Write out the data word for word and drop any picture you find.

(DATASET EXCERPT)

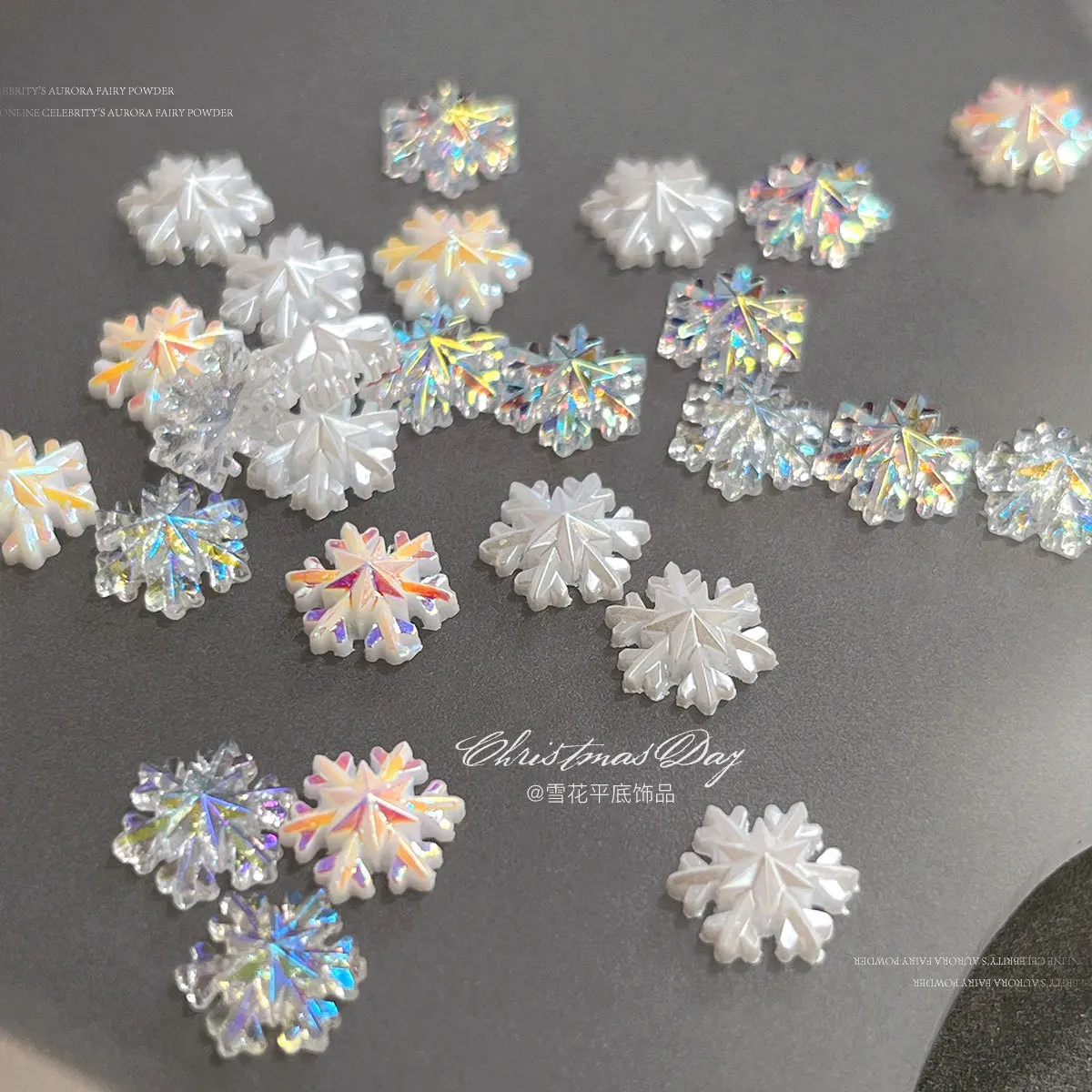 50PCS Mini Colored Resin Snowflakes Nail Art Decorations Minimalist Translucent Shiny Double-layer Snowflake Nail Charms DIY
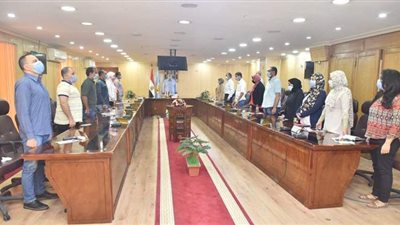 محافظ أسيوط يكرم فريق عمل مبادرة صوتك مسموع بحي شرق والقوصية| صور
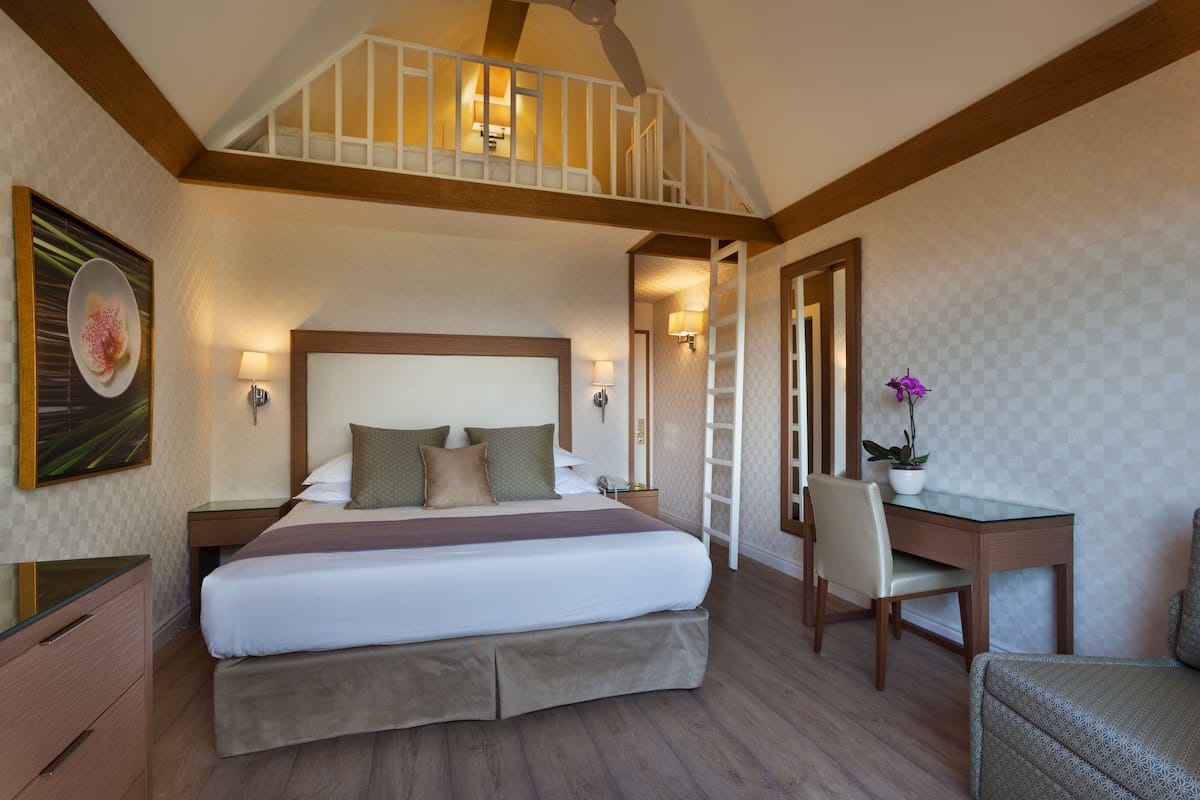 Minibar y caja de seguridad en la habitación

(End DATASET EXCERPT)

ANSWER.
 50PCS Mini Colored Resin Snowflakes Nail Art Decorations Minimalist Translucent Shiny Double-layer Snowflake Nail Charms DIY
 محافظ أسيوط يكرم فريق عمل مبادرة صوتك مسموع بحي شرق والقوصية| صور
 Minibar y caja de seguridad en la habitación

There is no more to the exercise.